Bolak-balik keluar masuk ruang sidang, Opa Johan tampak begitu menahan kepanikan. Sesekali ia menarik sebatang rokok yang ada disaku bajunya dan kemudian pelan-pelan menyalakan rokok dan kemudian menghisap pelan sambil berdiri melamun di depan ruang sidang anak Pengadilan Negeri (PN) Denpasar.
Matanya berkaca, dan wajahnya terlihat kuyu memerah. Sempat berbagi cerita tentang kehidupan masa lalunya, Opa Johan pun akhirnya mau blak-blakan menceritakan perbuatan Imen hingga dia berstatus terdakwa.
“Sewaktu kejadian saya tidur di rumah. Memang sejak dua bulan terakhir, dia jarang pulang. Kalau pulang dia hanya mandi dan minta uang lalu pergi lagi dia kumpul dengan pelaku (terdakwa) lain itu,” aku Johan di PN Denpasar, kemarin (3/8) .

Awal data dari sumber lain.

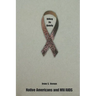 Killing Us Quietly: Native Americans and HIV/AIDS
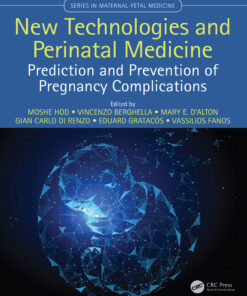 New Technologies and Perinatal Medicine: Prediction and Prevention of Pregnancy Complications eBook
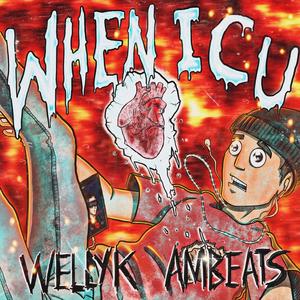 WHEN I C U(feat. ambeats) (Explicit)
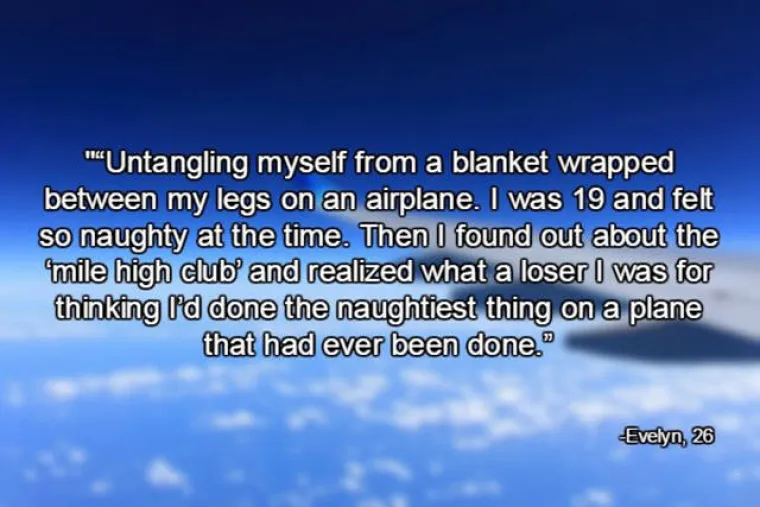 Imala sam deku među nogama na zrakoplovu. Imala sam 19 godina i osjećala se jako zločesto jer sam svr&scaron;ila. Onda sam saznala da se neki ljudi seksaju u avionskim toaletima pa mi se sru&scaron;io svijet jer sam na trenutak mislila da je moj seks s dekicom najzločestija stvar koju je netko napravio u zrakoplovu.
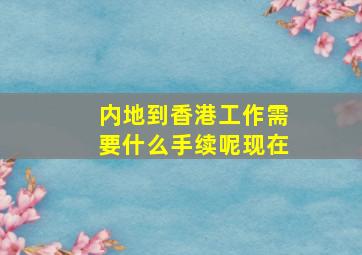 内地到香港工作需要什么手续呢现在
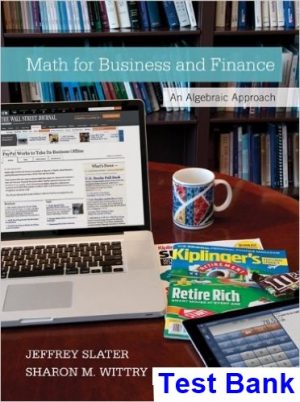 math business finance algebraic approach 1st edition slater test bank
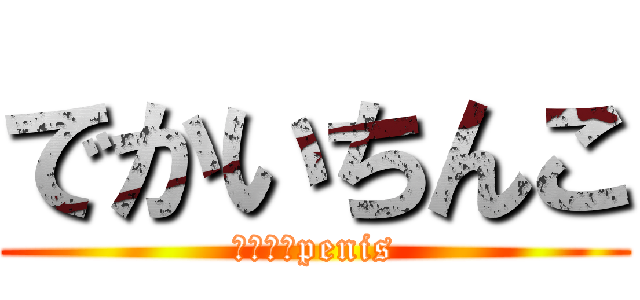 でかいちんこ (　　　　penis)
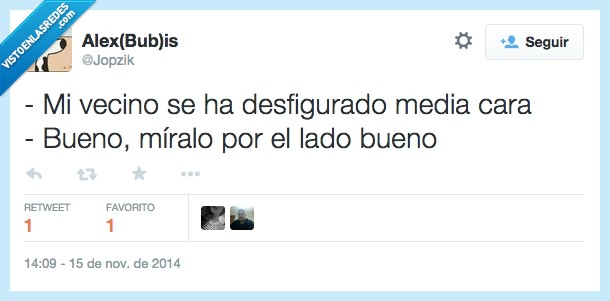 vecino,desfigurado,desfigurar,media,cara,mira,mirar,lado,bueno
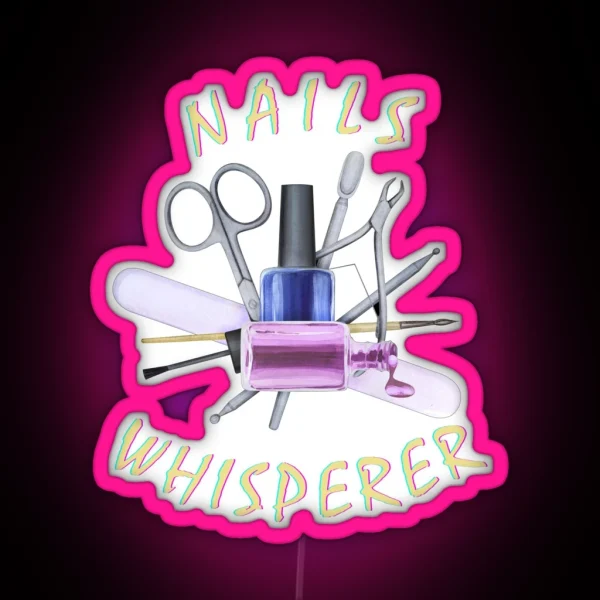 NAILS WHISPERER MANICURE PEDICURE COSMETOLOGY RGB Neon Sign
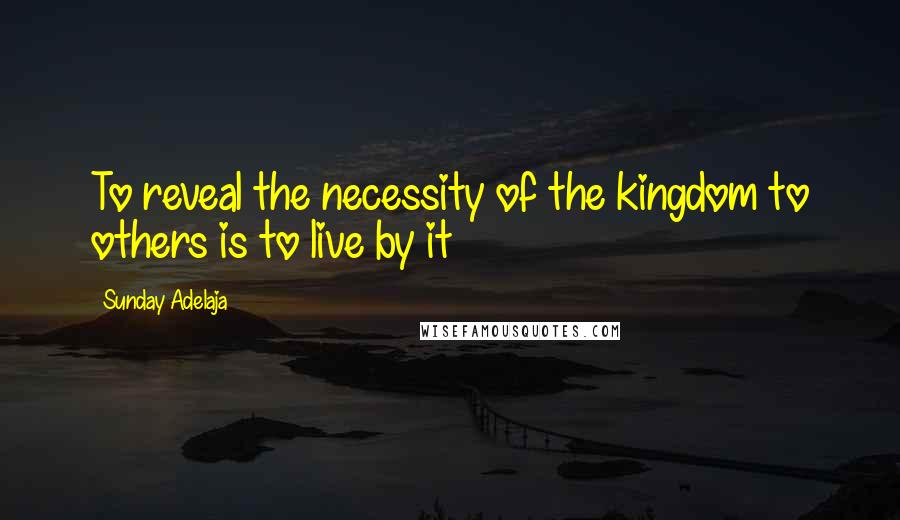 Sunday Adelaja Quotes: To reveal the necessity of the kingdom to others is to live by it
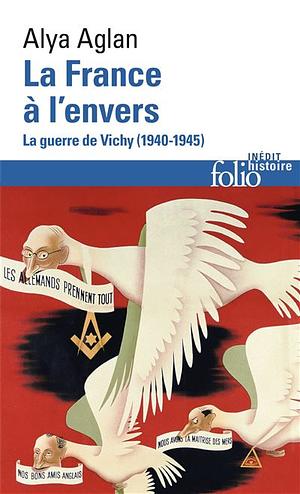 La France à l'envers: la guerre de Vichy, 1940-1945 by Alya Aglan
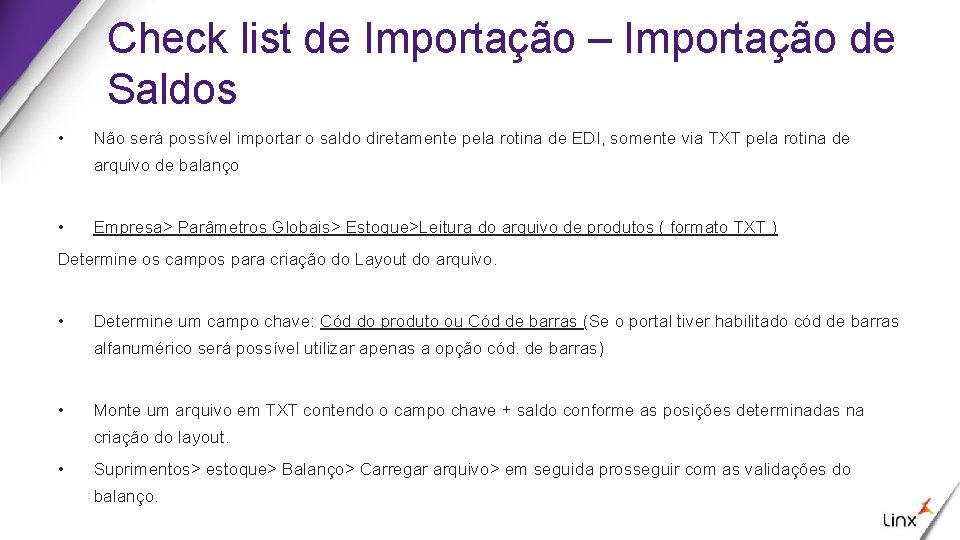 Check list de Importação – Importação de Saldos • Não será possível importar o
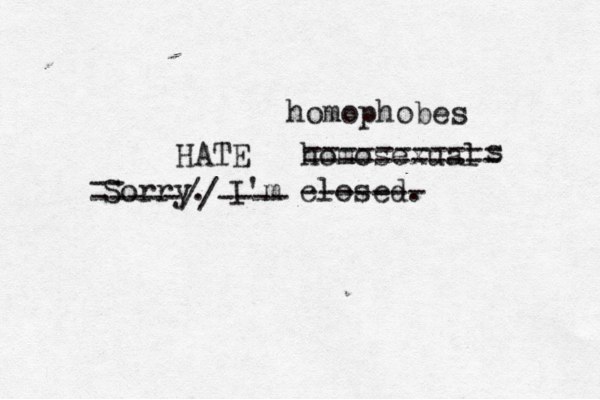 Sorry. I'm closed. ------- homosexual -- -----//---- HATE s ----------- ----------- homophobes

Padahal, menurut pria yang kini tinggal di Nuansa Kori Jimbaran ini, sebelum jarang pulang dan salah pergaulan, Imen dikenal sebagai anak yang pendiam, penurut, dan rajin.
“Dia juga dulu yang bantu saya antar jemput cucian dan setrika. Sejak ditinggal ibunya (Rosalina Gelu Rowu Rohi atau Sengge) umur 8 tahun saya yang asuh. Kakaknya tiga yang sudah jadi manajer kafe dan barista tidak urus. Tapi, sejak dua bulan, dia malas. Bahkan dia juga tidak mau sekolah. Sampai guru SMK-nya ke rumah dan minta agar dia sekolah tapi tidak mau “ujarnya.
Bahkan, soal perilaku Imen yang berubah menjadi anak pemalas dan sering kelayapan, sebagai ayah, ia sempat memohon ke Imen.
“Saya sampai menyembah-nyembah. Tapi dia tidak mau, dan setiap pulang selalu minta uang kadang Rp 50 ribu sampai Rp 300 ribu. Terakhir sampai malam kejadian dia minta Rp 200 ribu,” imbuhnya.
Pasca ditangkap, kata pria yang sempat menjadi penyanyi di kafe dan guide itu, ia juga sempat menanyakan langsung ke Imen kalau dia selain konsumsi alkohol, juga konsumsi narkoba.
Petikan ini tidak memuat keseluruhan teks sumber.